The problem:
Produce a word-for-word copy of the lines from the one that contains "Democracy Jeans Womens" to the final line of the data below, with all pictures dropped.

↓↓↓

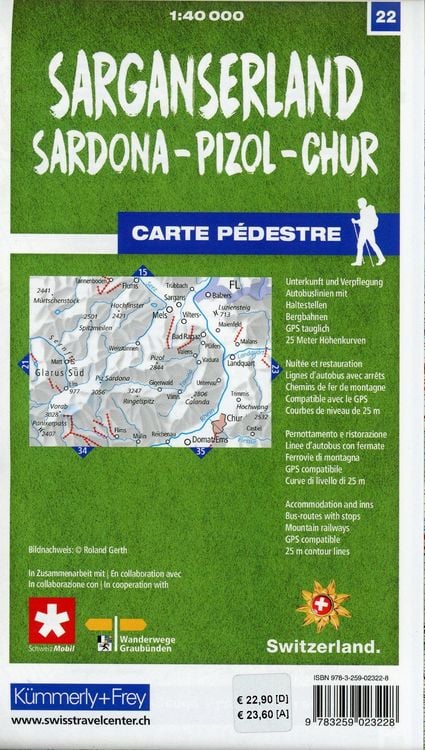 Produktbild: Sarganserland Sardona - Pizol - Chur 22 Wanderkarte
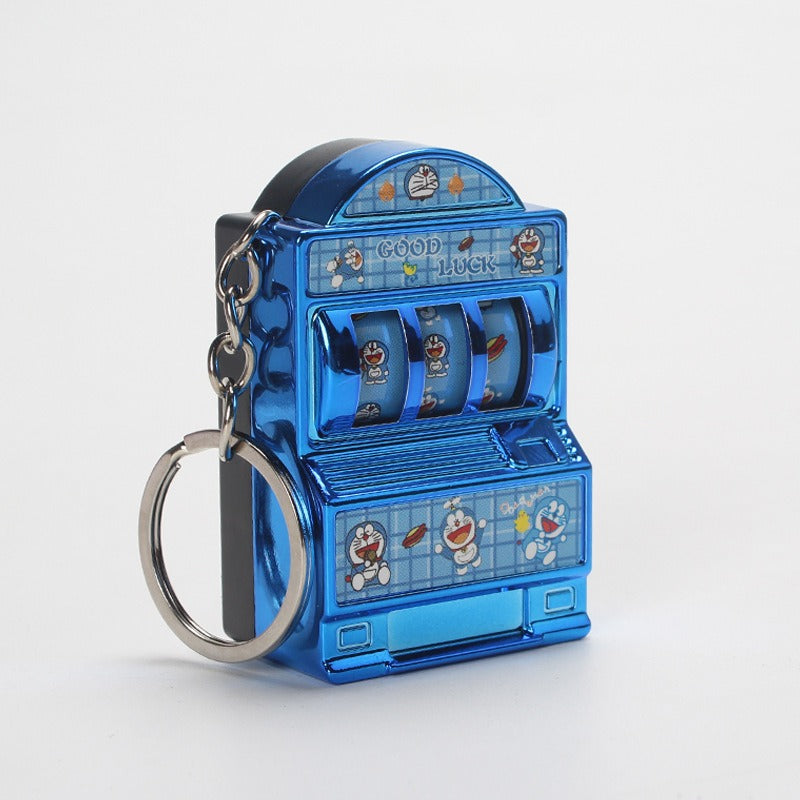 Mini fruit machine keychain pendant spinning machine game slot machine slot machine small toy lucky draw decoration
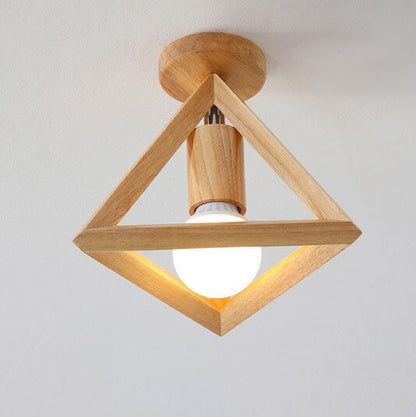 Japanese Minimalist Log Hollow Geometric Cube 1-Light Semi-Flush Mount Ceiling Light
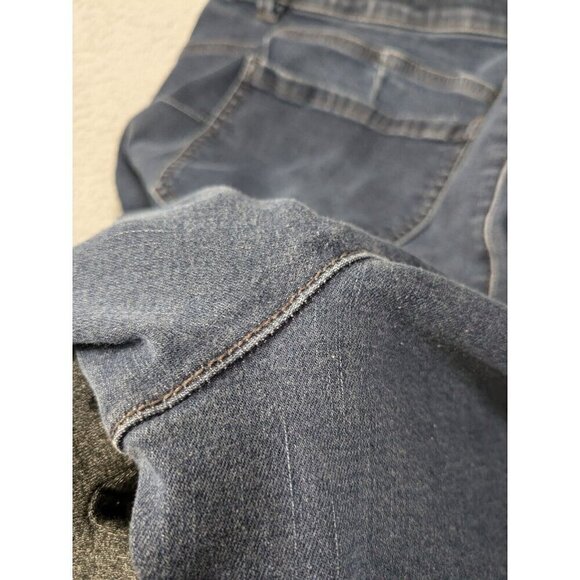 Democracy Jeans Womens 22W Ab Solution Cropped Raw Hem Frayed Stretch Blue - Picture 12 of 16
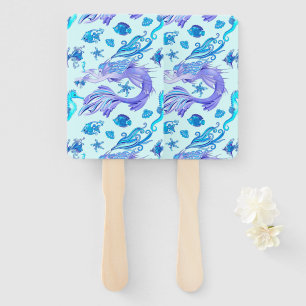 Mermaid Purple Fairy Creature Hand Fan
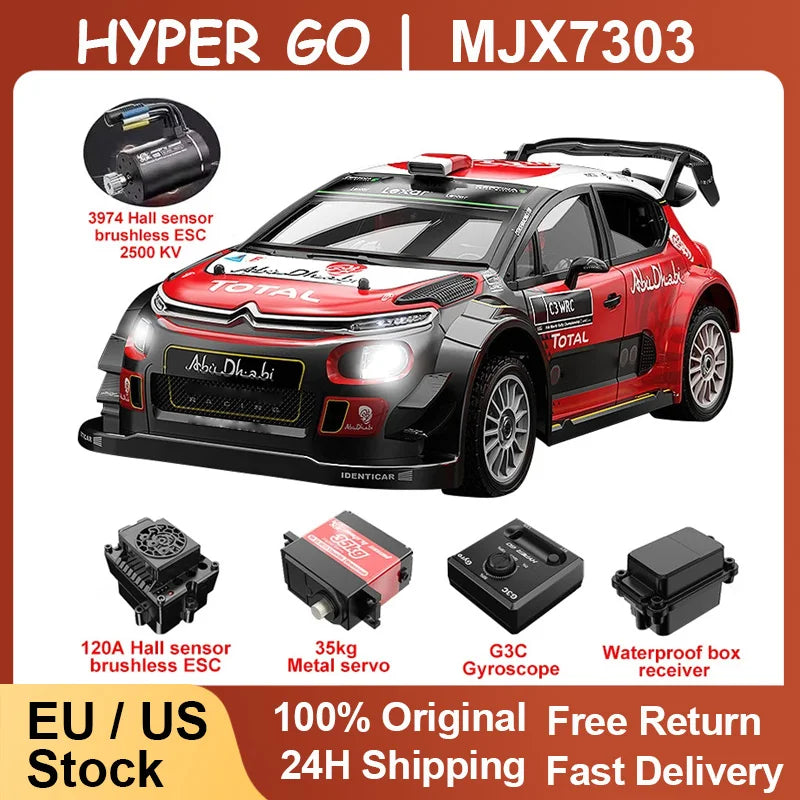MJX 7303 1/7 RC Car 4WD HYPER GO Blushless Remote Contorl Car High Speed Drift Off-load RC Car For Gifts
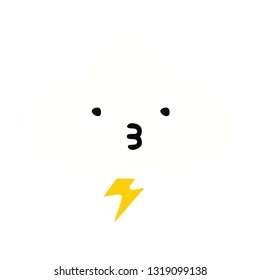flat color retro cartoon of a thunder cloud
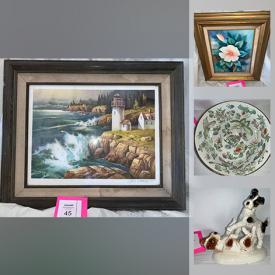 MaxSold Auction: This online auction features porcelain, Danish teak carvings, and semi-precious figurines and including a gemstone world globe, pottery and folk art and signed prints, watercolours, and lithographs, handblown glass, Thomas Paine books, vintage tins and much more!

↑↑↑

Written answer:
 Democracy Jeans Womens 22W Ab Solution Cropped Raw Hem Frayed Stretch Blue - Picture 12 of 16
 Mermaid Purple Fairy Creature Hand Fan
MJX 7303 1/7 RC Car 4WD HYPER GO Blushless Remote Contorl Car High Speed Drift Off-load RC Car For Gifts
flat color retro cartoon of a thunder cloud
 MaxSold Auction: This online auction features porcelain, Danish teak carvings, and semi-precious figurines and including a gemstone world globe, pottery and folk art and signed prints, watercolours, and lithographs, handblown glass, Thomas Paine books, vintage tins and much more!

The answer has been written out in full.